Records for this exercise:
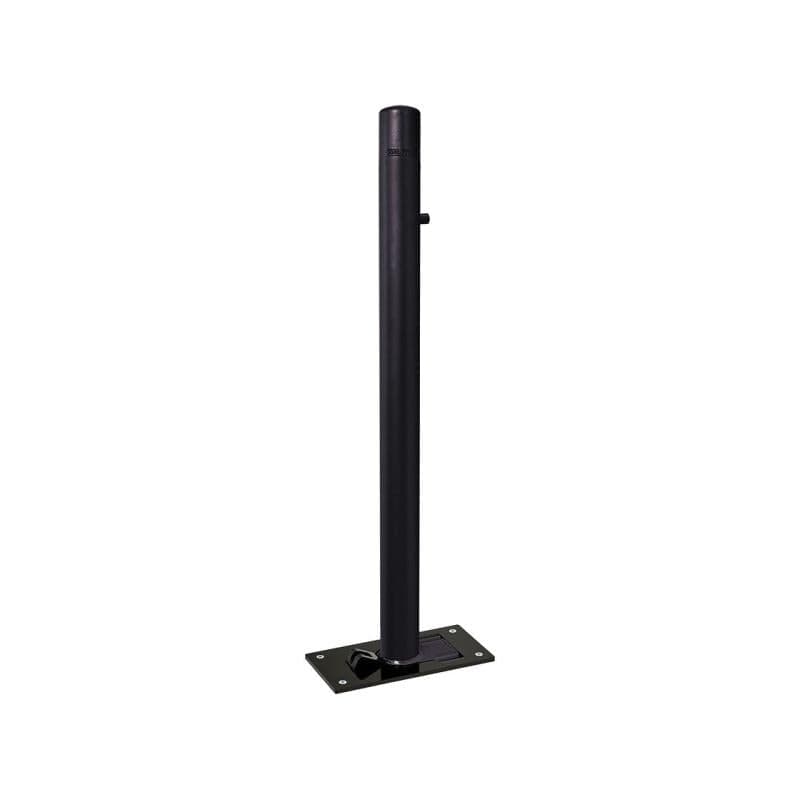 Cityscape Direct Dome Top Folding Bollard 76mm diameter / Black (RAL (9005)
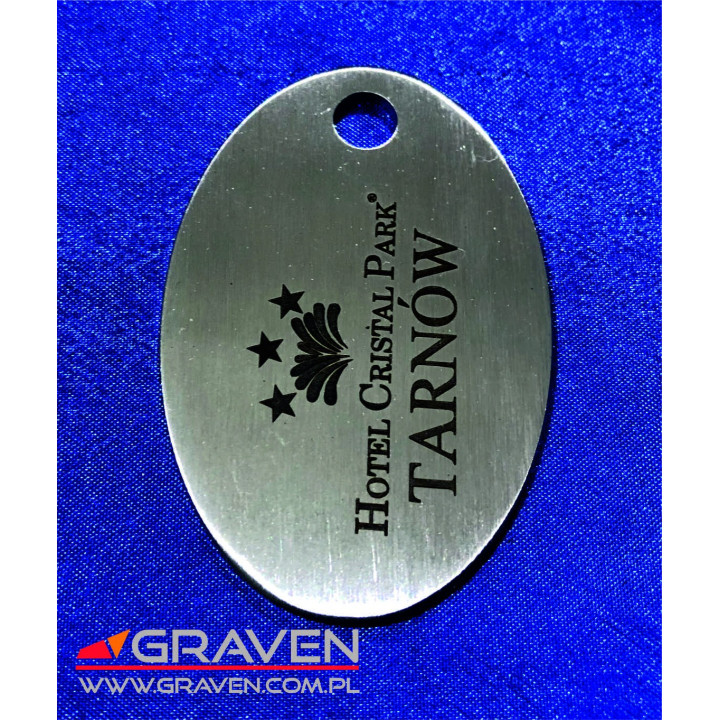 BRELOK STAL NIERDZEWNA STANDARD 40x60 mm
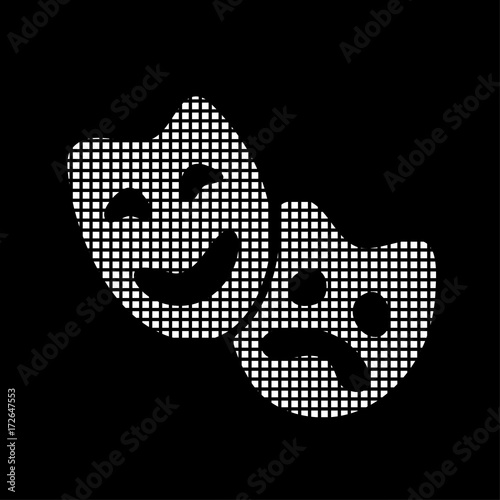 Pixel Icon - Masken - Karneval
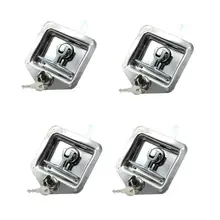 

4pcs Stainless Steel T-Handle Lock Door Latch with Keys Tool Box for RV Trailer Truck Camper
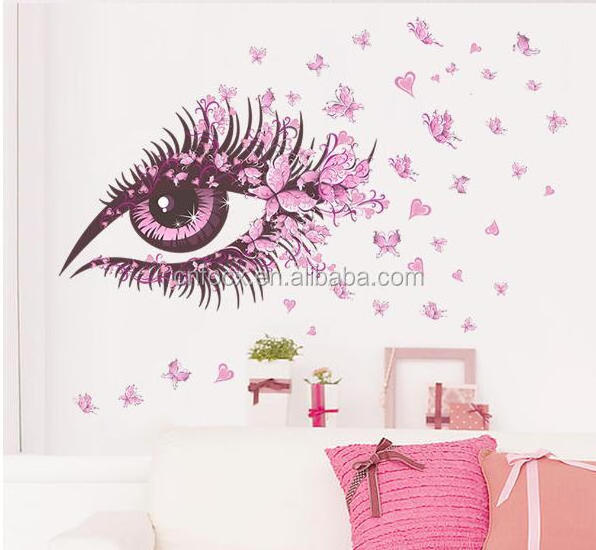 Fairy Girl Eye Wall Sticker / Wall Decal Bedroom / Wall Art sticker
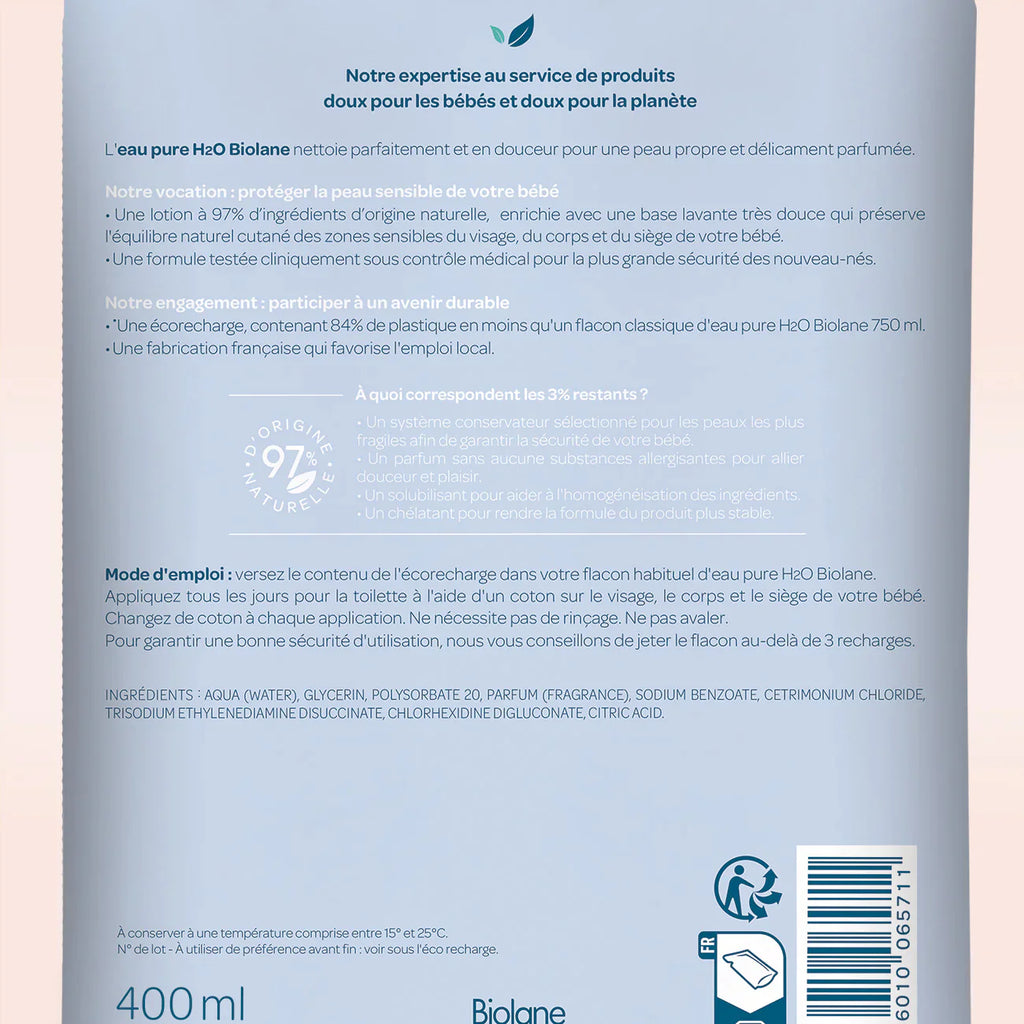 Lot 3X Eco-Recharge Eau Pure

Exercise prompt: Having located the line with "Fairy Girl Eye", copy it exactly along with every later line through the end of the listing above, but omit the pictures.

Solution for this exercise:
 Fairy Girl Eye Wall Sticker / Wall Decal Bedroom / Wall Art sticker
 Lot 3X Eco-Recharge Eau Pure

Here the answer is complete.